Reflexos no Vidro Quebrado

A manhã seguinte no Colégio High Seoul surgiu envolta em uma névoa densa, como se o próprio clima estivesse tentando esconder os segredos que os corredores guardavam. Para Park Jimin, a noite havia sido curta. Cada vez que fechava os olhos, a voz de barítono de Jungkook ecoava em sua mente, um lembrete constante de que o perigo tinha um rosto — e um rosto terrivelmente hipnotizante.

Jimin caminhava em direção ao seu armário, sentindo o peso do caderno de desenhos dentro da mochila. Ele se sentia exposto. Agora que Jungkook sabia de sua existência, o anonimato que o protegia parecia ter evaporado. Ele tentava manter a cabeça baixa, mas seus olhos, traidores, buscavam constantemente por aquela silhueta imponente entre a multidão de uniformes perfeitamente alinhados.

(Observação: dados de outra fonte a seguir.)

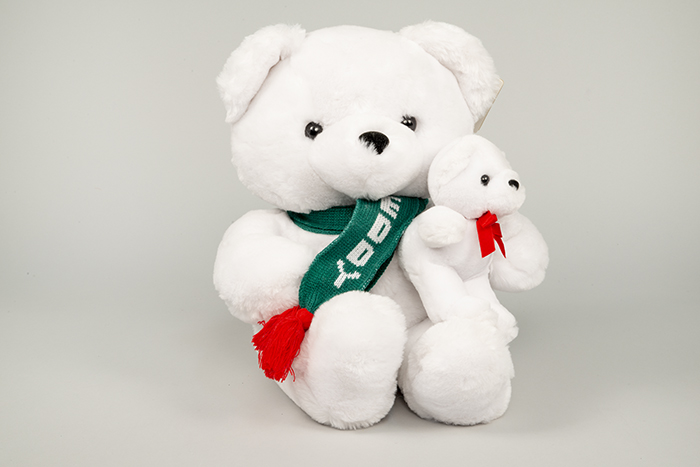 Image of Freddy Bear & Nell plush toy from Frederick & Nelson, 1987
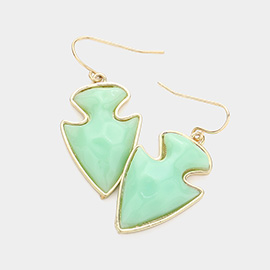 Arrowhead earrings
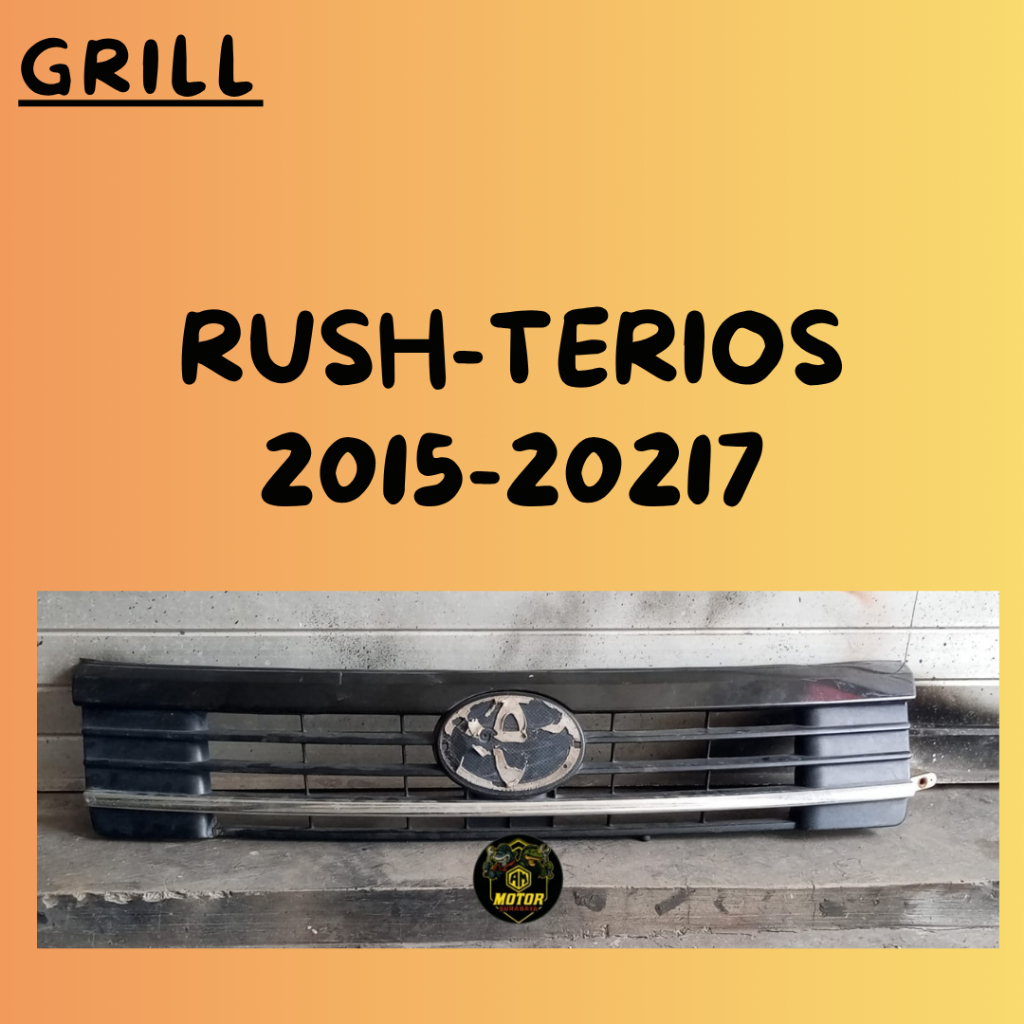 Grill Rush-Terios 2015-2017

— Você está parecendo um passarinho assustado hoje, Jiminie — comentou Taehyung, surgindo ao seu lado e passando um braço pelos ombros do menor. — Relaxa. O Jeon provavelmente já esqueceu que você existe. Pessoas como ele não perdem tempo com quem não podem esmagar.

Jimin forçou um sorriso, embora a palavra "esmagar" tivesse causado um calafrio desconfortável em sua nuca.

— Eu espero que sim, Tae. Só quero que as coisas voltem ao normal.

Mas o "normal" de Jimin foi interrompido assim que ele abriu seu armário. Um pequeno pedaço de papel, arrancado de forma grosseira de um caderno, caiu aos seus pés. Jimin franziu o cenho e se abaixou para pegá-lo. Não havia nome, apenas uma frase escrita com uma caligrafia agressiva, mas estranhamente elegante: "A gaiola de vidro é mais fácil de quebrar do que você imagina. Pare de olhar para o que não entende."

O coração de Jimin deu um solavanco. Ele não precisava de uma assinatura para saber quem havia escrito aquilo.

— O que é isso? — Taehyung tentou espiar, mas Jimin rapidamente amassou o papel e o guardou no bolso.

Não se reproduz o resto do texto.